> **Exercise materials**

+ + + + + + +

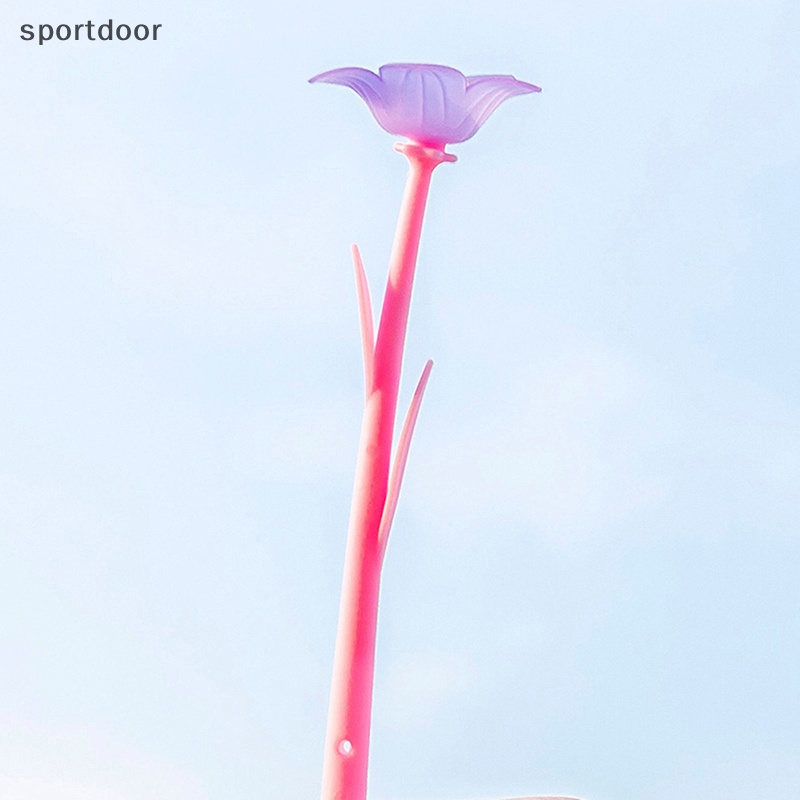 1 Cây Bút Mực Gel Bằng Silicone Hình Bông Hoa Thay Đổi Màu Sắc Sáng Tạo Dành Cho Học Sinh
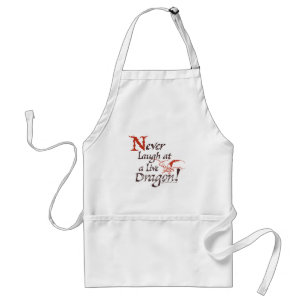 SMAUG™ - Never Laugh At A Live Dragon Schürze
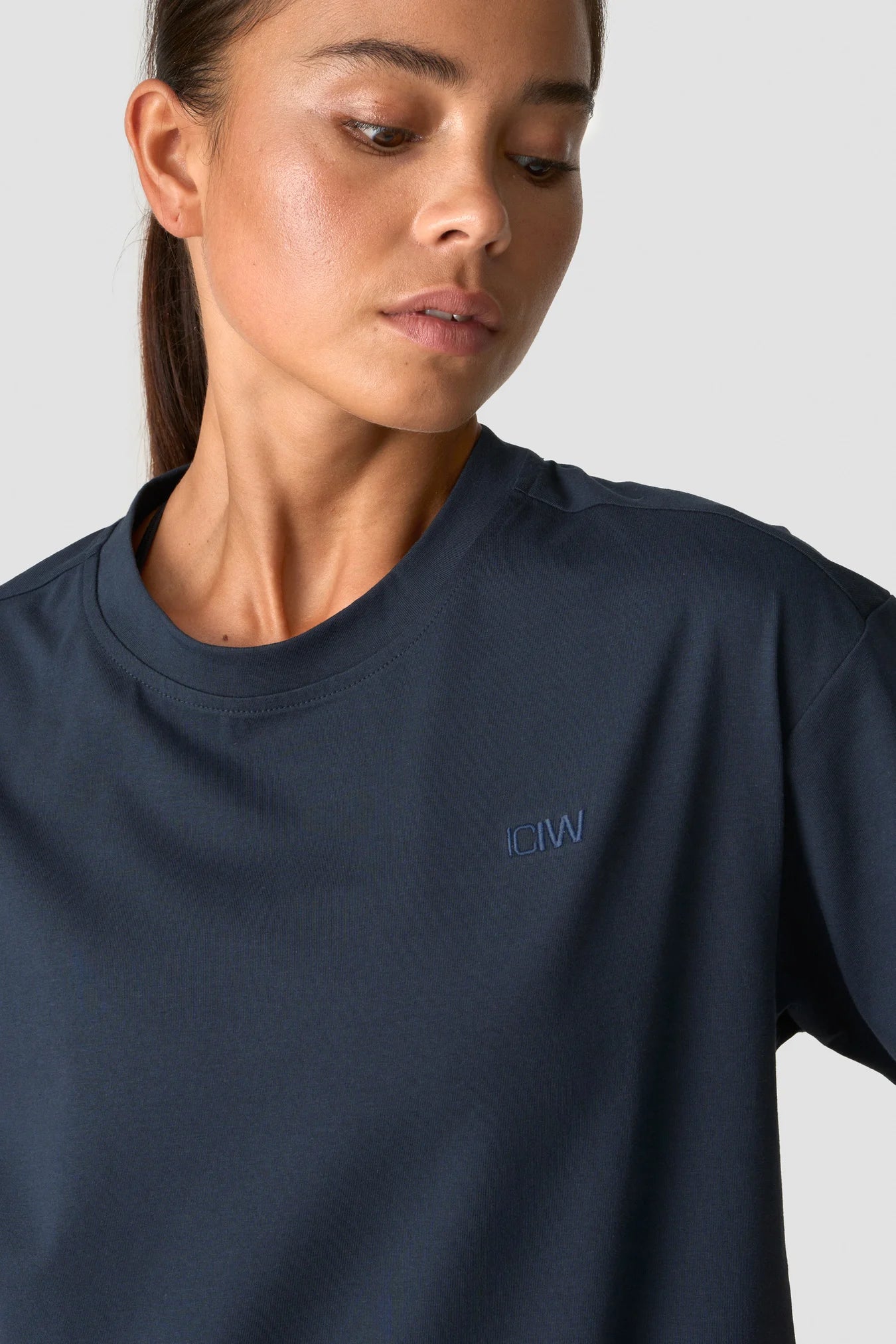 ICIW Everyday Cotton T-shirt Wmn Navy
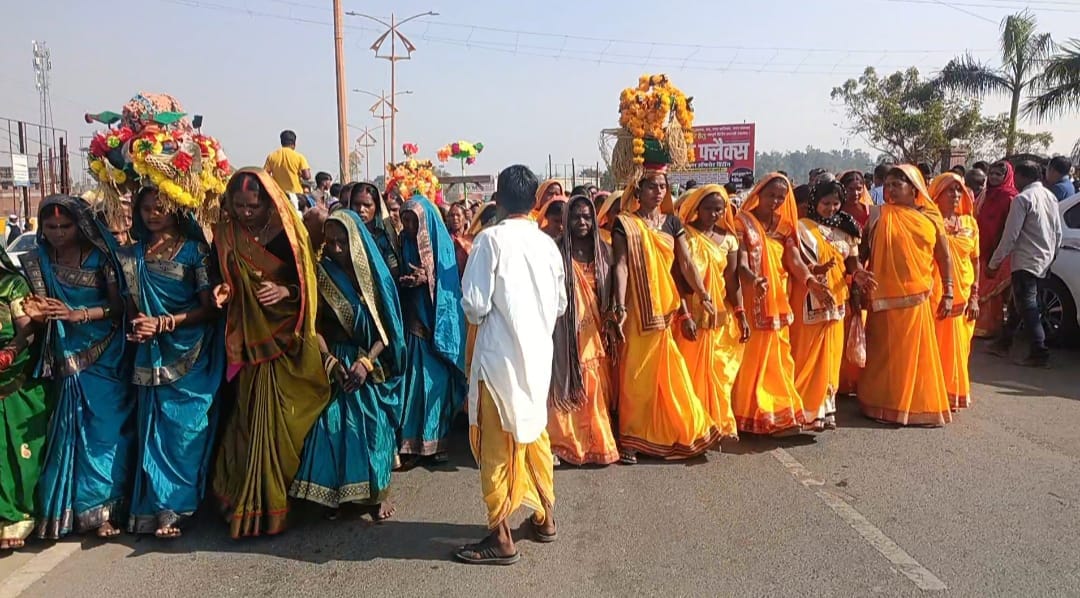 नामांकन के अंतिम दिन जिला पंचायत के भाजपा प्रत्याशियों ने जमा किया अपना नांमाकन 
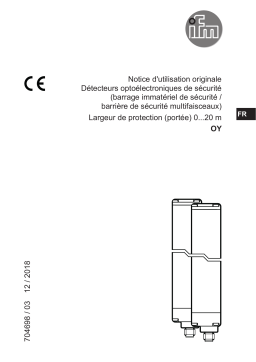 IFM OY121S Safety light grid Mode d'emploi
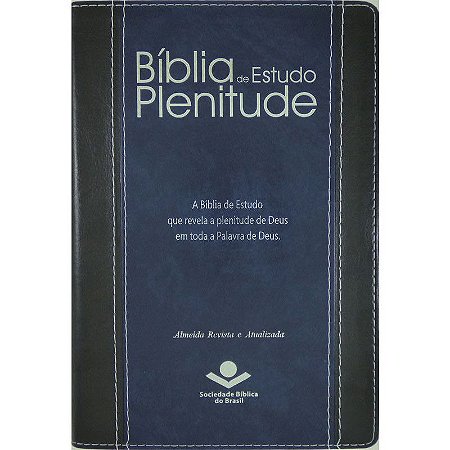 BIBLIA DE ESTUDO PLENITUDE - AZUL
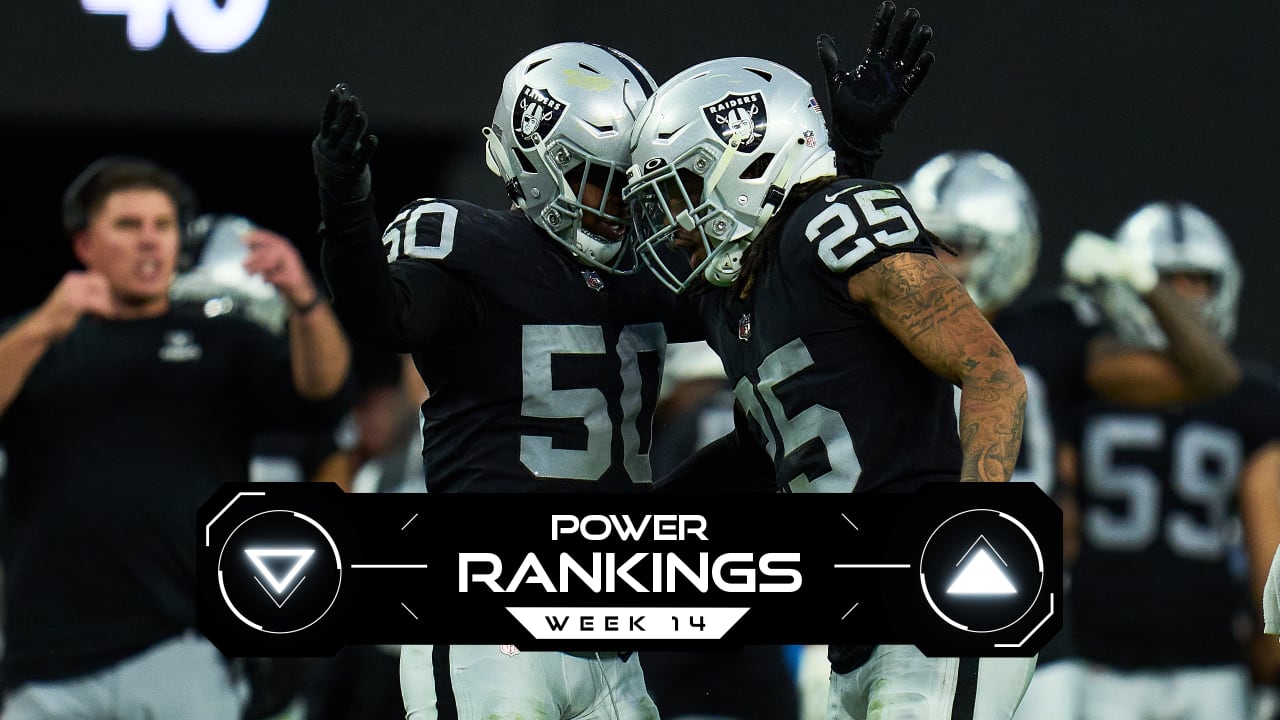 Power Rankings Raiders keep climbing the ranks after third straight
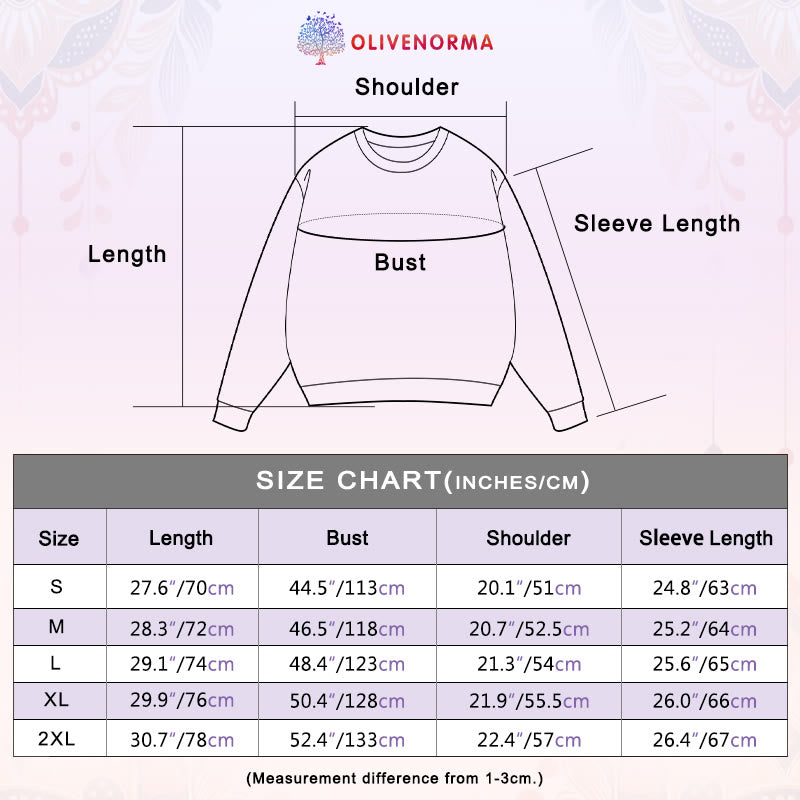 Olivenorma VOUS ÊTES L'UNIVERS... Sweat-shirt polaire inspirant avec devise - image 2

+ + + + + + +

> **Exercise objective**
Everything from the line containing "SMAUG™ - Never" through the last line of the entries must be repeated verbatim, except pictures.

> **Output for this task**
 SMAUG™ - Never Laugh At A Live Dragon Schürze
 ICIW Everyday Cotton T-shirt Wmn Navy
 नामांकन के अंतिम दिन जिला पंचायत के भाजपा प्रत्याशियों ने जमा किया अपना नांमाकन 
 IFM OY121S Safety light grid Mode d'emploi
 BIBLIA DE ESTUDO PLENITUDE - AZUL
 Power Rankings Raiders keep climbing the ranks after third straight
 Olivenorma VOUS ÊTES L'UNIVERS... Sweat-shirt polaire inspirant avec devise - image 2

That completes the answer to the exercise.